_PROBLEM_. Your answer must be the exact lines from the one holding "0.50ct Radiant Cut" through the end of the entries, with no pictures.

== EXERCISE DATA

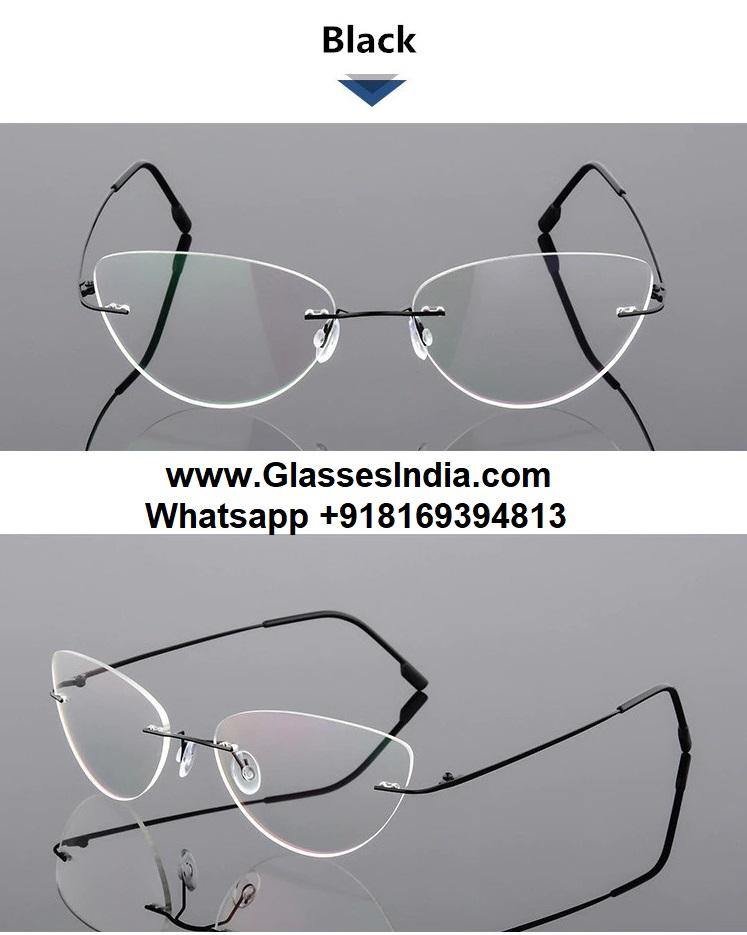 Buy Cat Eye Foldable Ultra-light Memory Computer Glasses Blue light Cat Eye Rimless Glasses for Men Women - Glasses India Online in India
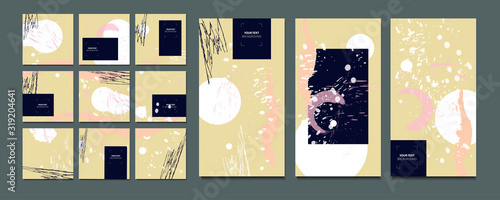 Elegant natural pastel muted pale calm tones card templates set. Collection of romantic invitations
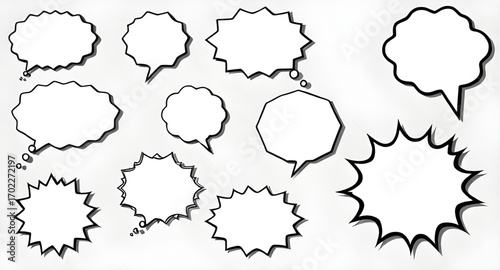 comic balloon set, speech bubble shapes, comic thought bubbles, cartoon dialogue bubbles, speech bubble pack, comic text bubbles, speech balloon vector, comic cloud bubbles, retro comic speech bubbles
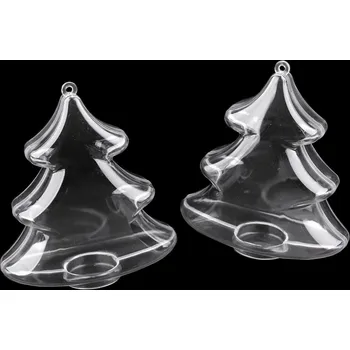 Vánoce Plastová krabička dvoudílná - zvonek, stromeček, kapka, hvězda Varianta: 2 transparent strom, Balení: 12 ks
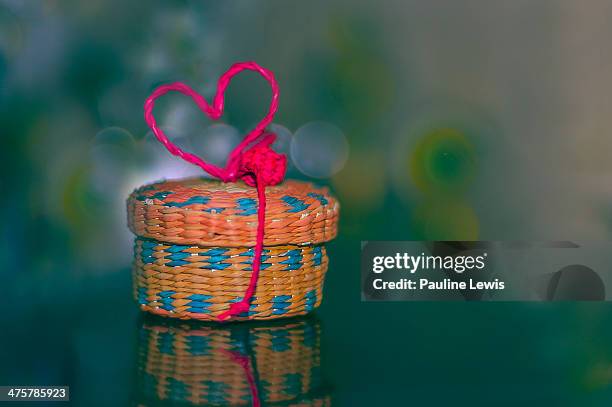 a box of love - wicker heart stock pictures, royalty-free photos & images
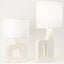 Textured white ceramic Form Study table lamps, J Schatz.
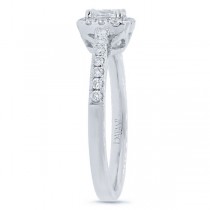 0.50ct Radiant Cut Center and 0.31ct Side 14k White Gold Diamond Engagement Ring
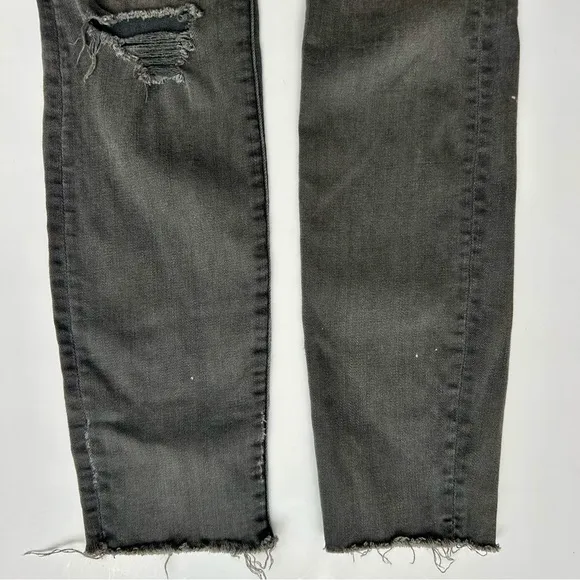 MOTHER The Looker Ankle Fray Skinny Jeans in Last Chance Saloon Gray Grey 25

====

_OUTPUT BELOW_.
 0.50ct Radiant Cut Center and 0.31ct Side 14k White Gold Diamond Engagement Ring
 MOTHER The Looker Ankle Fray Skinny Jeans in Last Chance Saloon Gray Grey 25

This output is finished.